Extracted records
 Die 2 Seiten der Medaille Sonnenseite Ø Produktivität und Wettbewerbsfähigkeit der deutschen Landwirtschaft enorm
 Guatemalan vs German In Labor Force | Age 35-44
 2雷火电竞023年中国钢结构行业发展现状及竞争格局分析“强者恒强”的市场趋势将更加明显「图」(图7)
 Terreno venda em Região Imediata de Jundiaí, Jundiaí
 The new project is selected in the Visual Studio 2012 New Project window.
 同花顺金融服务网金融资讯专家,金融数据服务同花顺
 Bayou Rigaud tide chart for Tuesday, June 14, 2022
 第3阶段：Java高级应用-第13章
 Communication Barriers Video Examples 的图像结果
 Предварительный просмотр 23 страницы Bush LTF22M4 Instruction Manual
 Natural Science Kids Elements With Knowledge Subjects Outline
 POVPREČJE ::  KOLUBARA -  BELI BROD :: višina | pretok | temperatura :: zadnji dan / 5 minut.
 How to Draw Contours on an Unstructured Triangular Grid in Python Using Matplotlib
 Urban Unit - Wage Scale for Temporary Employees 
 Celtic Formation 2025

### What you will do
Find "第3阶段：Java高级应用-第13章" in the data above, then repeat that line and all lines after it exactly, ending with the final line.

### Exercise answer
 第3阶段：Java高级应用-第13章
 Communication Barriers Video Examples 的图像结果
 Предварительный просмотр 23 страницы Bush LTF22M4 Instruction Manual
 Natural Science Kids Elements With Knowledge Subjects Outline
 POVPREČJE ::  KOLUBARA -  BELI BROD :: višina | pretok | temperatura :: zadnji dan / 5 minut.
 How to Draw Contours on an Unstructured Triangular Grid in Python Using Matplotlib
 Urban Unit - Wage Scale for Temporary Employees 
 Celtic Formation 2025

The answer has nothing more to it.